§ **WHAT YOU SHOULD DO**
Starting at the line that holds "Baskets basses Puma" and stopping at the line that holds "Ruben Tsirunyan, Senior", restate the records below word for word, with both of those lines included.

Source records

--------

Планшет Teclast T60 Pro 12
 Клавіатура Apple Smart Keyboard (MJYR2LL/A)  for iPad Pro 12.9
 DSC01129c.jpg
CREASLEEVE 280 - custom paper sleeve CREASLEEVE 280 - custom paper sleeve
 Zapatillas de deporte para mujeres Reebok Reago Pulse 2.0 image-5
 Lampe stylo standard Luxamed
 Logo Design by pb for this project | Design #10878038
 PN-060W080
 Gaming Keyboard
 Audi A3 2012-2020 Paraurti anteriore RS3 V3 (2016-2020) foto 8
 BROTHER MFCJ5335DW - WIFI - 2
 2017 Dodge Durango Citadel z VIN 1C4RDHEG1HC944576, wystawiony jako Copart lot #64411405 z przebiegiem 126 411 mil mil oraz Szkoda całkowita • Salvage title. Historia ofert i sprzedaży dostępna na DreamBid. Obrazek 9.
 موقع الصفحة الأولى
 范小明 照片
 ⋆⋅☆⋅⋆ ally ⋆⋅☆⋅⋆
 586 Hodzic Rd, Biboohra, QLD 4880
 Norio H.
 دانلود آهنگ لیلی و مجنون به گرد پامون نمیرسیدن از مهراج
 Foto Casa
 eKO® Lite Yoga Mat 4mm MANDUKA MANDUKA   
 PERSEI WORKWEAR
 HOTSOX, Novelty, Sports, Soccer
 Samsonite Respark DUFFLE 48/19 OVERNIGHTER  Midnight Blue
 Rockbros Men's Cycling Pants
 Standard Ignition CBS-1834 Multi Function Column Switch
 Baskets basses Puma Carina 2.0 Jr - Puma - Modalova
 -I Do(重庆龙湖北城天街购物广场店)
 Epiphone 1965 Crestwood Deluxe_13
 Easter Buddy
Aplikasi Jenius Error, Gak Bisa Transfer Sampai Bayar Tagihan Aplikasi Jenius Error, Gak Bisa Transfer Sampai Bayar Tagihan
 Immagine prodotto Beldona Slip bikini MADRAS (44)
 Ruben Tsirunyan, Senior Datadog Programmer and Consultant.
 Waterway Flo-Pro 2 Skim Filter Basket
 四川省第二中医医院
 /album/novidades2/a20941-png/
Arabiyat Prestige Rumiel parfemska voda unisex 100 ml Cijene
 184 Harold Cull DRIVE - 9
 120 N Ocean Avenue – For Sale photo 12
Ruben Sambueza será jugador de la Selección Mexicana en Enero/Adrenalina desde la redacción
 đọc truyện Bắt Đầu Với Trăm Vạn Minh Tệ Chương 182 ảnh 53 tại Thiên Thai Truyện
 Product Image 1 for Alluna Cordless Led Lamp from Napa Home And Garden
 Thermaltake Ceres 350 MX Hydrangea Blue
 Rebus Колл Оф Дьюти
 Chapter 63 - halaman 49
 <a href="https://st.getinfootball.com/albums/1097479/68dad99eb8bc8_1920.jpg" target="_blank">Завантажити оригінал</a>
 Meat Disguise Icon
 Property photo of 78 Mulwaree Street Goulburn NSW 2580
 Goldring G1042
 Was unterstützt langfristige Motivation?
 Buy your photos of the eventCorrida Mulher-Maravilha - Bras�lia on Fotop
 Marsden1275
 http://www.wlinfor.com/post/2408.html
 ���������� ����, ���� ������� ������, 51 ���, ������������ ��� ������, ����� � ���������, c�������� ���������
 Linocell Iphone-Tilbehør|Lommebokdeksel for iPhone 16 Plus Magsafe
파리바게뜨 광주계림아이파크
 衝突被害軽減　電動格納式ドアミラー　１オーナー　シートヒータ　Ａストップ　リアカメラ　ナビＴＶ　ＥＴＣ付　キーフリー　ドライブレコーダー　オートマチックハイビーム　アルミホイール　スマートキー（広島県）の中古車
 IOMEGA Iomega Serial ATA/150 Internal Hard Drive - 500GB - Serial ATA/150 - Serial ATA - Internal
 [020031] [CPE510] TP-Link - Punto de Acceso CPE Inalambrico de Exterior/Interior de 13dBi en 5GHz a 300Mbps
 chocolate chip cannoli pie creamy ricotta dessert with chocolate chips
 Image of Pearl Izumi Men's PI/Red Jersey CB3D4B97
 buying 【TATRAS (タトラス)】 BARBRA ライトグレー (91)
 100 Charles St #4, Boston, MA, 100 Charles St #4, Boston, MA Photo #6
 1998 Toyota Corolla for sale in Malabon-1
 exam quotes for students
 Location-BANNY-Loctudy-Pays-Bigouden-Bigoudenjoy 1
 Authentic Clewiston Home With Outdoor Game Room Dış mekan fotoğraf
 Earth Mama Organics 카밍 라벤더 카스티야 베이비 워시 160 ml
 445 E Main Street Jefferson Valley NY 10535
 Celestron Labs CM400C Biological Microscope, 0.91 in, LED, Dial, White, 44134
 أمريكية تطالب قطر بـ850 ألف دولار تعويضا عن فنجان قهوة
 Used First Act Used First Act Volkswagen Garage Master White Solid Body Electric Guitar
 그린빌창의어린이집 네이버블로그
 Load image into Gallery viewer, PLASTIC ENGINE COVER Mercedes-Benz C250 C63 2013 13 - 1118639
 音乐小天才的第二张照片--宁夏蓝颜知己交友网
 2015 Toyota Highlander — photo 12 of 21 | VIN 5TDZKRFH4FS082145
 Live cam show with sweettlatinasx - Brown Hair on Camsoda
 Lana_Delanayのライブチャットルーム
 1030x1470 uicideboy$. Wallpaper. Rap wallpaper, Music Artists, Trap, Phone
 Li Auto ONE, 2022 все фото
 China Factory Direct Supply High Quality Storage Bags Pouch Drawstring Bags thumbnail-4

--------

§ **TASK OUTPUT**
 Baskets basses Puma Carina 2.0 Jr - Puma - Modalova
 -I Do(重庆龙湖北城天街购物广场店)
 Epiphone 1965 Crestwood Deluxe_13
 Easter Buddy
Aplikasi Jenius Error, Gak Bisa Transfer Sampai Bayar Tagihan Aplikasi Jenius Error, Gak Bisa Transfer Sampai Bayar Tagihan
 Immagine prodotto Beldona Slip bikini MADRAS (44)
 Ruben Tsirunyan, Senior Datadog Programmer and Consultant.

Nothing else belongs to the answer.